We zullen dat verderop in de Schriften heel mooi zien in de verhalen van David en Saul. Het verschil tussen die twee koningen in Israël is dat Saul geen koning naast of boven zich duldt en kan verdragen, terwijl David juist de waarachtige koning is doordat hij altijd Saul als koning en heer heeft geëerbiedigd en liefgehad. Alle koningschap in de Schrift rust op priesterlijke, herderlijke toewijding en dienst. Heerschappij die niet weet en wil weten van knechtschap, van dienstbaarheid is er verwerpelijk en wordt er verworpen.
Helemaal duidelijk wordt dat uiteraard in Jezus. Hij is immers niet anders Heer (Kurios) dan als knecht; niet anders koning dan als herder die zijn leven stelt voor zijn schapen, als de priester die het offer van zijn leven brengt.

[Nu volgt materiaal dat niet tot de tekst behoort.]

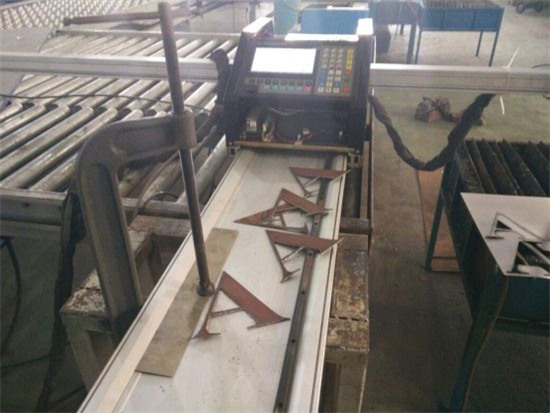 चीन उत्पादक सीएनसी प्लाझमा कटर आणि काच अॅल्युमिनियम स्टेनलेस स्टील / लोह / धातू यांच्यात कापणी यंत्राचा वापर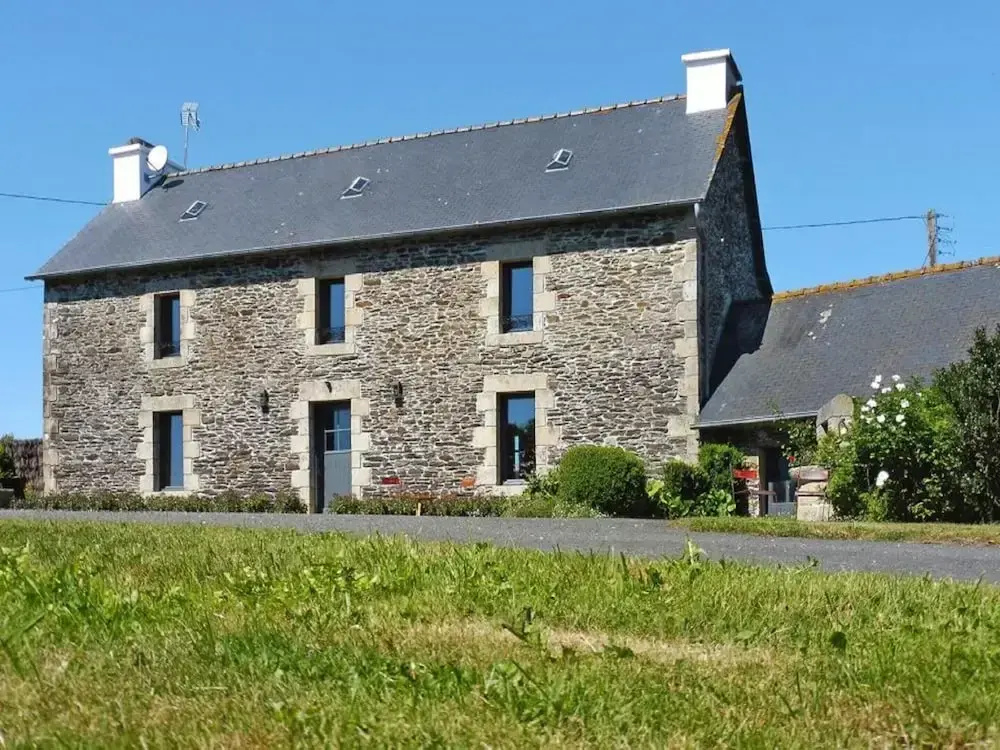 Estate in Landeleau Near Aulne River
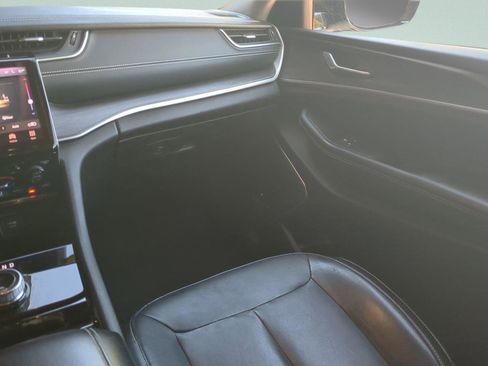 Used 2021 Jeep Grand Cherokee L Limited image 13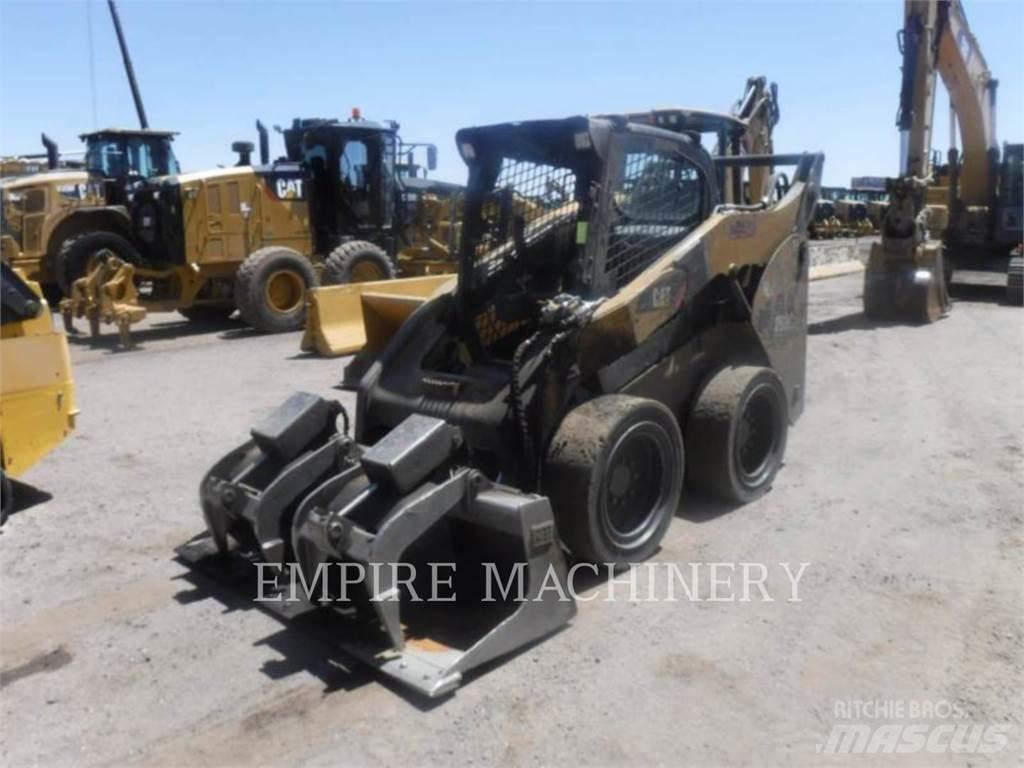 CAT 262C XPS 滑移装载机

Het apostolisch evangelie en de apostolische kerk hebben hem gezien en beleden als de rechtvaardige bij uitstek; de rechtvaardige, die zich niet verheft boven de onrechtvaardigen en de zondaars, maar juist hun verloren gaande leven zich aantrekt en tot het zijne maakt en hun zo leven schenkt en toekomst opent.
Dit opkomen en borg staan voor de ander is het geheim van een menselijke samenleving en de spil waarom de geschiedenis draait. Dat zien we op volle scherpte bij Jezus in het Nieuwe Testament, maar dat zien we onmiskenbaar ook al bij deze Jozef in het Oude Testament. We mogen dan ook zeker zeggen dat jozef een voorafschaduwing van de Messias Jezus is en dat tot de volheid van de Messias ook deze Jozef behoort. Deze verstandige man, deze nuchtere geest, die evenwel altijd zijn plaats wist en zijn roeping niet verloochende.
Zulke rechtvaardigen heeft de wereld nodig en we mogen weten en horen in de gemeente van Christus, dat zulke rechtvaardigen nooit zullen ontbreken. Want de Messias laat zich niet onbetuigd. Hij had en heeft en zal altijd weer zijn getuigen en representanten hebben; rechtvaardigen, waardoor de wereld voort bestaat en ons leven terecht komt.
Dat mogen we horen en geloven. Hebt daarom goede moed en vreest niet, ook al worden we bezocht door talloze onheilspellende dromen.